Per quanto riguarda i 4.750 interventi in campo sanitario, 1.858 sono relativi al 118, vale a dire l’emergenza (un impegno di 2.083 ore, per 59.509 chilometri percorsi), 928 per il trasporto di pazienti dializzati, che devono sottoporsi a trattamento tre volte ogni settimana (944 ore, 24.880 chilometri), 751 il trasporto in ambulatori o negli studi medici per effettuare le visite (1.861 ore, 36.358 chilometri), 99 i ricoveri (186 ore, 5.804 chilometri), 229 le dimissioni da ospedali e case di cura (347 ore, 8.551 chilometri), 198 l’assistenza a manifestazioni sportive o ricreative (2.345 ore, 24.777 Klm.), 484 i trasferimenti (944 ore, 31mila chilometri).

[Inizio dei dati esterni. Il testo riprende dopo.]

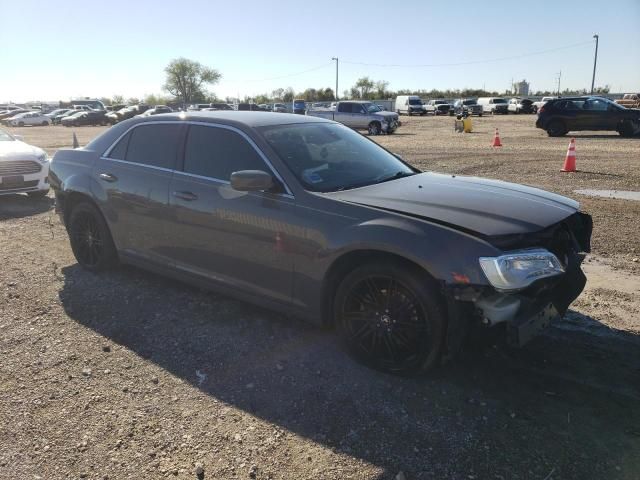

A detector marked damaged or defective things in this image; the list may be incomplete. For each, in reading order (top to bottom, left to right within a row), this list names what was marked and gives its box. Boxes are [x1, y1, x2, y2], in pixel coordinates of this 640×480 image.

damaged gray sedan [48, 111, 592, 376]
front end damage [444, 212, 592, 350]
shattered headlight [478, 248, 564, 292]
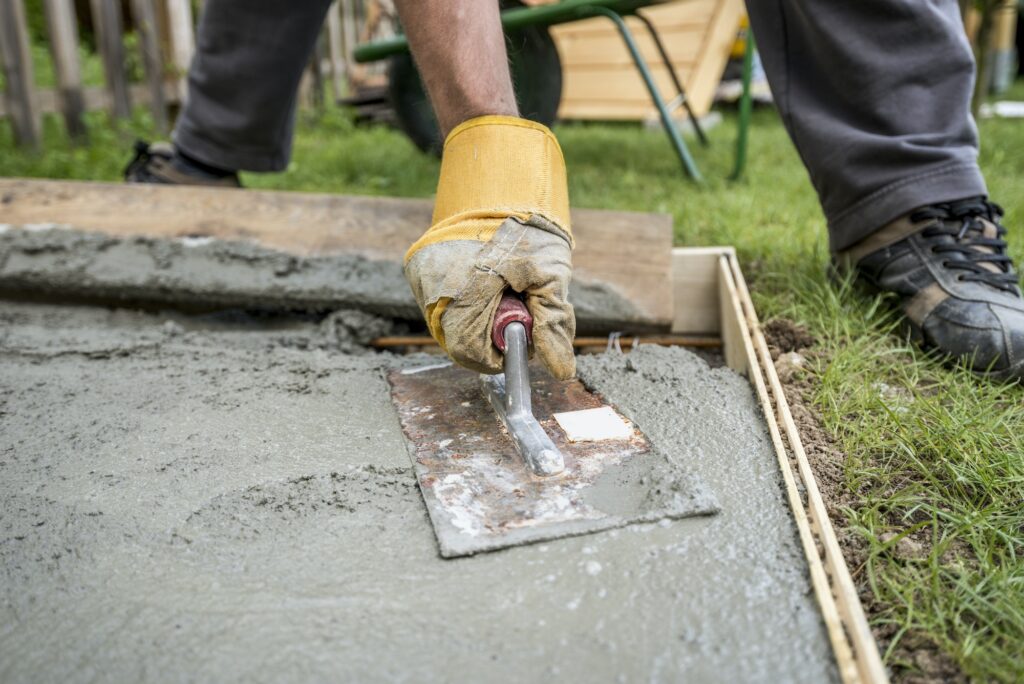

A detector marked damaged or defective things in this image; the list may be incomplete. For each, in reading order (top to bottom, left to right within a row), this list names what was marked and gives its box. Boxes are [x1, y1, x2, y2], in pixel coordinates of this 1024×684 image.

rusty trowel blade [387, 360, 716, 557]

Per il resto, esercitazioni e servizi interni. I 1.201 interventi classificati sotto la voce «Varie» riguardano gli incidenti stradali (52 uscite), la pulizia e il ripristino dell’asfalto danneggiato da chiazze di olio o a causa di nubifragi (65), la ricerca di persone (23), gli incendi (49), i rifornimenti idrici (129), effettuati nelle località che hanno avuto i rubinetti asciutti e sono state costrette a chiedere acqua da immettere nei serbatoi o autobotti piene a disposizione dei cittadini, la presenza a manifestazioni (81), le esercitazioni (45), le immersioni dei sommozzatori (83), i servizi interni.

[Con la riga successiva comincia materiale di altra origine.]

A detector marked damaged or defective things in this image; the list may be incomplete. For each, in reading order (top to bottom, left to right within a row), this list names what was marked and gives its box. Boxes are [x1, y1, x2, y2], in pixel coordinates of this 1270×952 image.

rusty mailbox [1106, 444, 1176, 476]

A proposito dei mezzi, ricordiamo l’arrivo di una imbarcazione usata, in vetroresina, tipo Nelson Launch, donata dalla Capitaneria di porto di Genova, e rimessa in sesto dai Volontari, ormai prossima all’inaugurazione ufficiale. Servirà per la ricerca e il recupero sui fondali del lago. Si tratta di uno scafo in vetroresina, lungo 12 metri e mezzo, largo 3.60, capace di andare a una velocità di 21 nodi, autonomia di 360 miglia, equipaggio formato da quattro uomini. E’ dotata di Gps, radar, ecoscandaglio, stazione radio, due attrezzature per immersioni complete, apparato Sonar e Rov.

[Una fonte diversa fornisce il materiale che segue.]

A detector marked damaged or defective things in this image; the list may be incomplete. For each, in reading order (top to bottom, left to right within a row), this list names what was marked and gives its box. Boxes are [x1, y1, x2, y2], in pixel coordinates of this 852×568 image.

L’acquisto di un Rov e di un Sonar «Tritech seeking», istallati sull’imbarcazione in vetroresina, consente di fare un grande passo avanti per le ricerche in acque spesso molto torbide. Il Sonar permette di scandagliare raggi di 200 metri, fino a una profondità di 370 (si calcola che, in poche ore, sia possibile dare un’occhiata a una superficie pianeggiante di circa 150mila mq, pari a 25 terreni da calcio), individuando obiettivi sensibili, che vengono poi verificati con le telecamere. Il fatto di calarlo in verticale, senza trascinarlo sul fondo, e la dotazione di una doppia telecamera, una anteriore e l’altra posteriore, sul Rov (sta per «Remote operating vehicle», un robot controllato a distanza da un operatore, collegato alla centrale operativa sulla barca tramite un cordone ombelicale lungo 400 metri) aiutano a evitare incagli nelle reti, nei cordini e nel materiale abbandonato dai pescatori.